After their semifinal victories Saturday, both teams stuck to character. Duke had a victory celebration right there at midcourt while Kentucky ran to the seclusion of its dressing room.
"We haven't celebrated all year after a win," said Hall. "We want to win it all and then celebrate."
"We've told ourselves all year long that we aren't going to be happy until we win it all," say Robey, "and that's what we've been working for.
"Duke is young and playing with youthful exuberance. They are slapping people on the back and hugging each other a lot. That's fine, but we aren't that way. We just take a different approach. We played and acted like they do when we were freshmen, but we aren't freshmen anymore. We're having fun, but we just take things a little more serious.
"We've been thinking national championship all year long. As a result, we may not have enjoyed ourselves as much as we could have during the season, but we will enjoy it the rest of our lives if we win."
Duke is loving every minute of the entire experience.
"Our enthusiasm is just great to be around," said Coach Bill Foster. "We've had our ups and downs, but we've always stuck together. I love the enthusiasm part of our play and I just hope we can keep it up. It's a big part of our success."
"Their enthusiasm is probably their biggest asses," said Robey. "They just keep coming after you with smiles on their faces."
"Our program is serious and our players are serious-minded," said Hall, "but we still have a good time. We just don't show it much."

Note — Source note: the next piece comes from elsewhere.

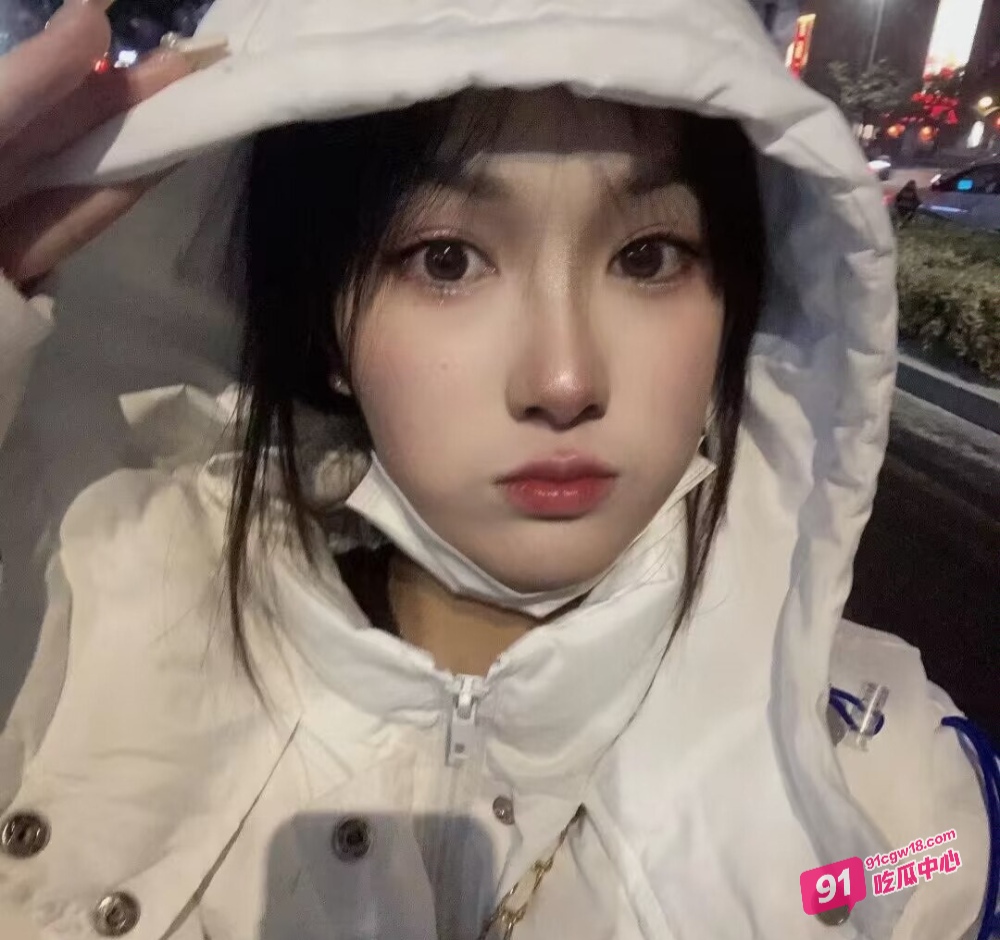 精心整理情侣自拍及分手后被渣男泄漏不雅视频大合集~ 配图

Kentucky (29-2) beat Arkansas, 64-59, in the semifinals with Jack Givens scoring 23 points and getting nine rebounds. The Wildcats surprised the Razorbacks with their quickness and used it to push Arkansas out of its offense.
Duke (27-6) got 29 points from Mike Gminshi, 22 and 12 rebounds from Eugene Banks and 20 points from Jim Spanarkel to beat Notre Dame, 90-86, in the other semifinal.

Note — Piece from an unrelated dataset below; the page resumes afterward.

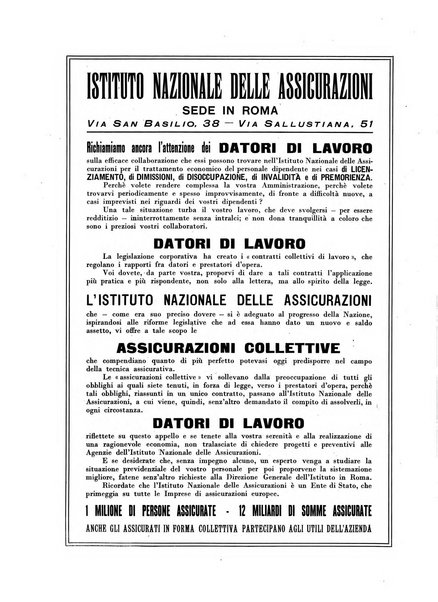 La miniera italiana rivista mensile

Duke, the best free-throw shooting team in the nation, won the game at the foul line by making 32 of 37 foul shots.
Duke plays mostly a zone defense and is not likely to change tonight.
Kentucky, which had used a 1-3-1 zone with great success, prefers to play man to man and will play that defense most of the time against Duke.
"Definitely," said Robey. "We match up well with them. I just hope we can shock them with our defense. Nothing has shocked them so far, thought."
Hall is mum on what the match ups will be, but he has told his team that Banks is the one player who has to be stopped.
"He is their key," said Robey. "If we can shut him off, maybe their other guys will start worrying."
Duke goes to the boards hard and doesn't mind knocking heads with the opposition.
"I expect it to be the same kind of game as Notre Dame," said Gminski, "Nothing dirty, but just rough and physical. Kentucky has a lot of meat and potatoes guys and they'll be in there mixing it up. It'll be fun."